EXERCISE INPUTS:
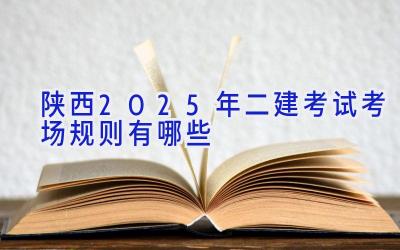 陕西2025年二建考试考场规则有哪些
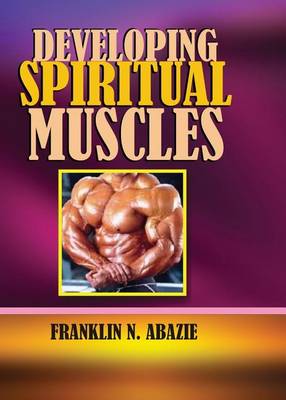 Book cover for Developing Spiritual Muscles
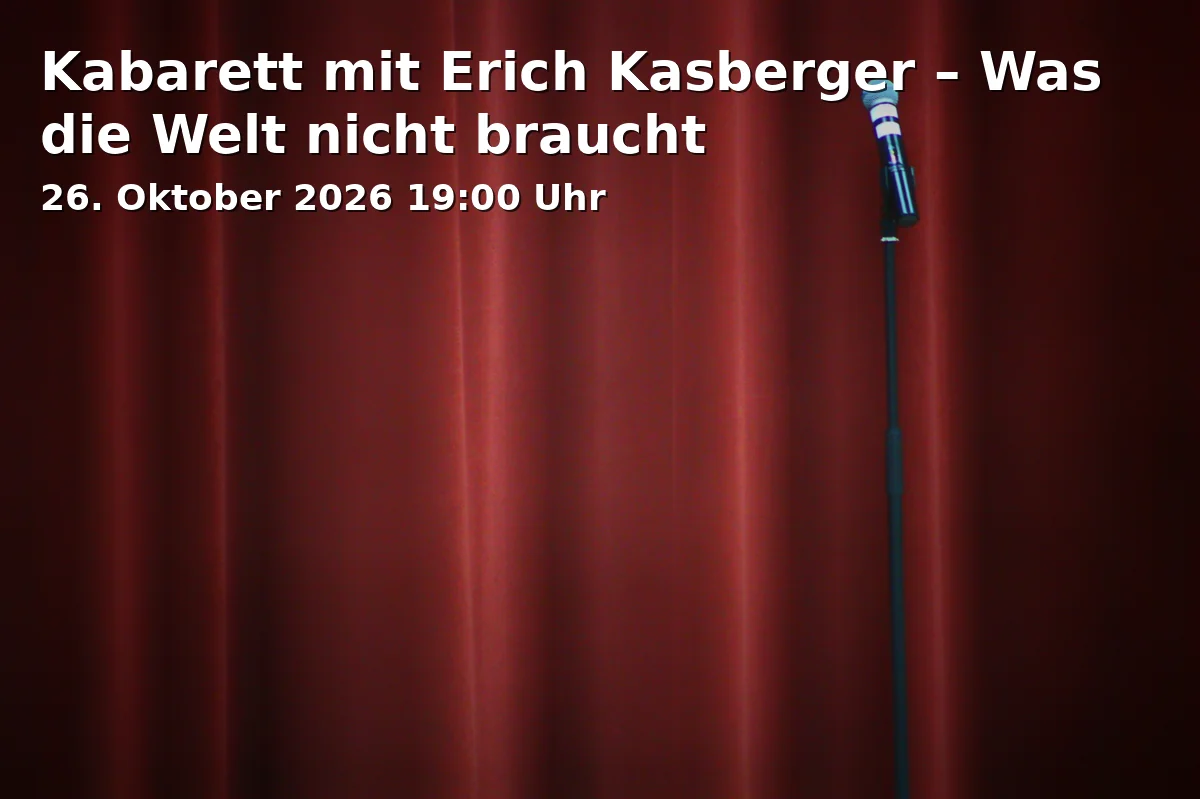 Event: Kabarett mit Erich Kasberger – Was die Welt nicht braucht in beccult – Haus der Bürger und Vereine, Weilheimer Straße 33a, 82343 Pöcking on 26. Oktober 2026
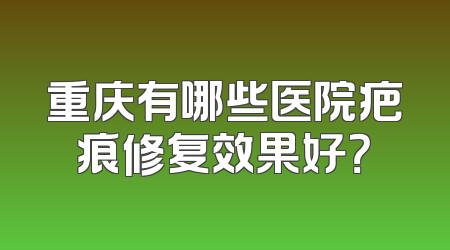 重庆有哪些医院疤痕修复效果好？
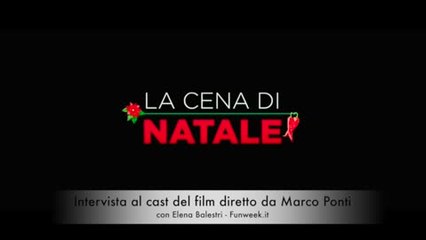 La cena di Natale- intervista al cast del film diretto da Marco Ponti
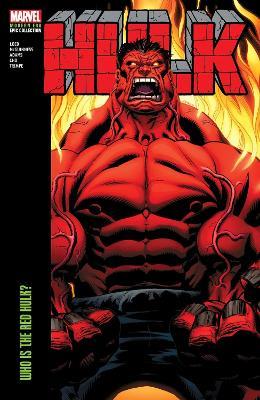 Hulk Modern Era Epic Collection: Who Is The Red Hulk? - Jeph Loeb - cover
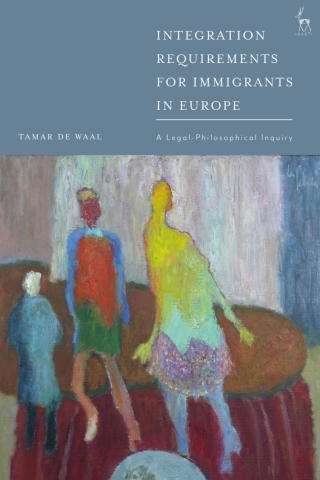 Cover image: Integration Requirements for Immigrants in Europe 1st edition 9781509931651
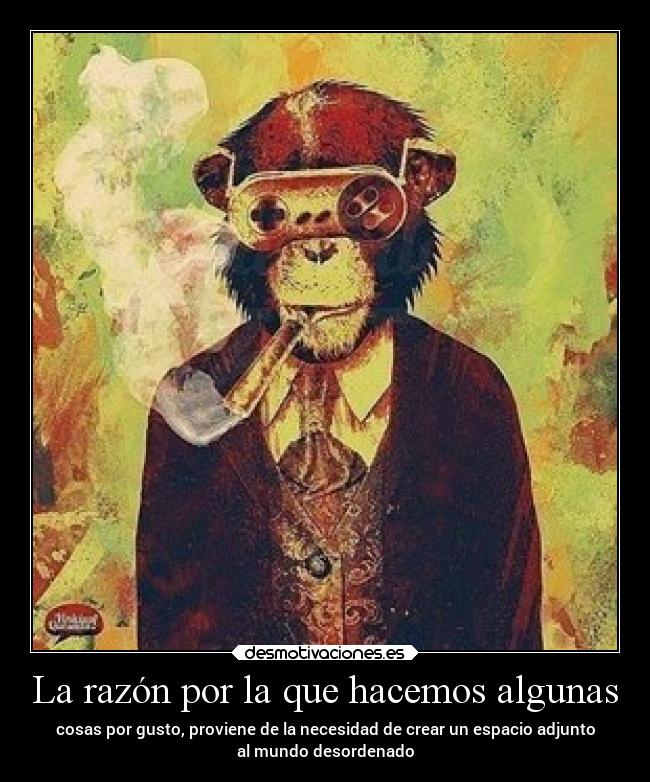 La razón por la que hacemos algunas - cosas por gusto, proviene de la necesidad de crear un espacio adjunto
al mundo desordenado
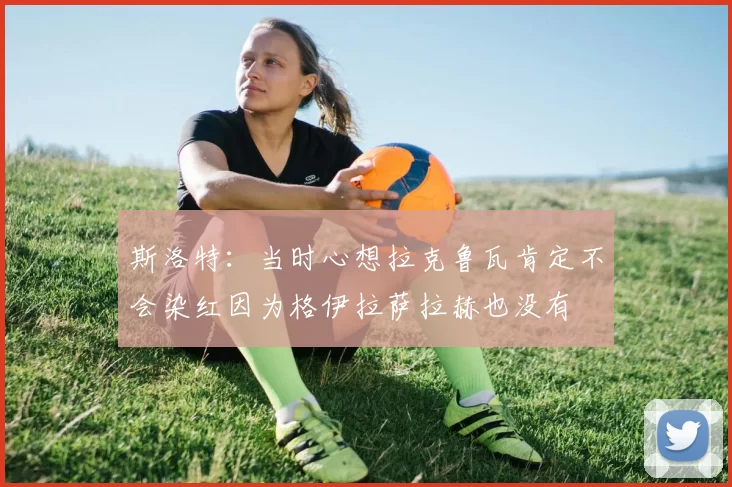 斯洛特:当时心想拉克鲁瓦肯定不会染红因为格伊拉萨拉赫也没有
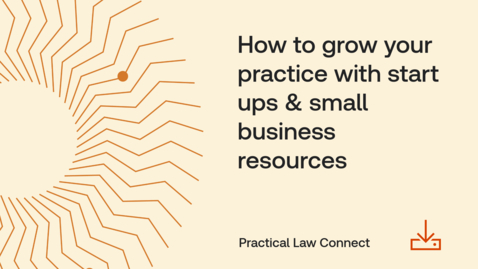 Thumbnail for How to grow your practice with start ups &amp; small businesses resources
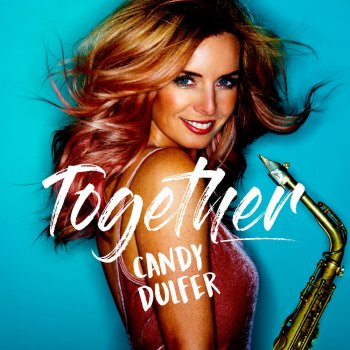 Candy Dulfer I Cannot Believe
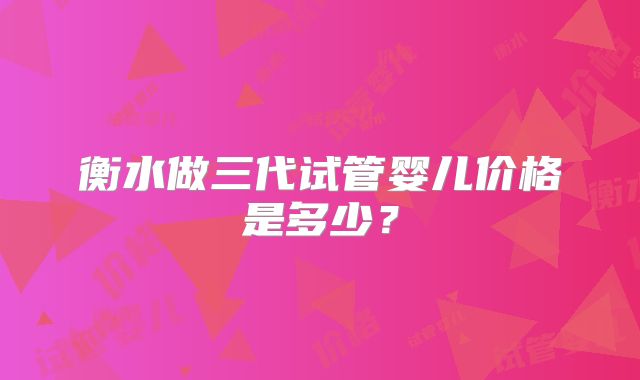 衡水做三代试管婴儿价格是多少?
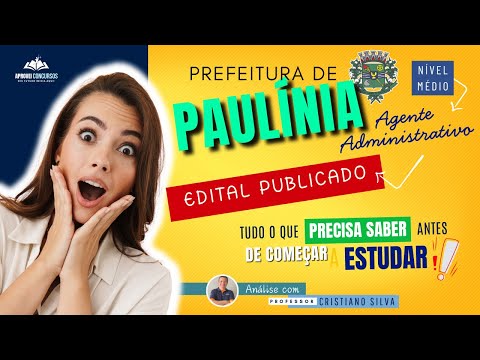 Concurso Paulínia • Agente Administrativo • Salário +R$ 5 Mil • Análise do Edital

EXERCISE OBJECTIVE:
An image-free, exact version of the listing above is required.

TASK OUTPUT:
 陕西2025年二建考试考场规则有哪些
 Book cover for Developing Spiritual Muscles
 Event: Kabarett mit Erich Kasberger – Was die Welt nicht braucht in beccult – Haus der Bürger und Vereine, Weilheimer Straße 33a, 82343 Pöcking on 26. Oktober 2026
 重庆有哪些医院疤痕修复效果好？
 La cena di Natale- intervista al cast del film diretto da Marco Ponti
 Hulk Modern Era Epic Collection: Who Is The Red Hulk? - Jeph Loeb - cover
 Cover image: Integration Requirements for Immigrants in Europe 1st edition 9781509931651
 La razón por la que hacemos algunas - cosas por gusto, proviene de la necesidad de crear un espacio adjunto
al mundo desordenado
 斯洛特:当时心想拉克鲁瓦肯定不会染红因为格伊拉萨拉赫也没有
 Thumbnail for How to grow your practice with start ups &amp; small businesses resources
 Candy Dulfer I Cannot Believe
 衡水做三代试管婴儿价格是多少?
 Concurso Paulínia • Agente Administrativo • Salário +R$ 5 Mil • Análise do Edital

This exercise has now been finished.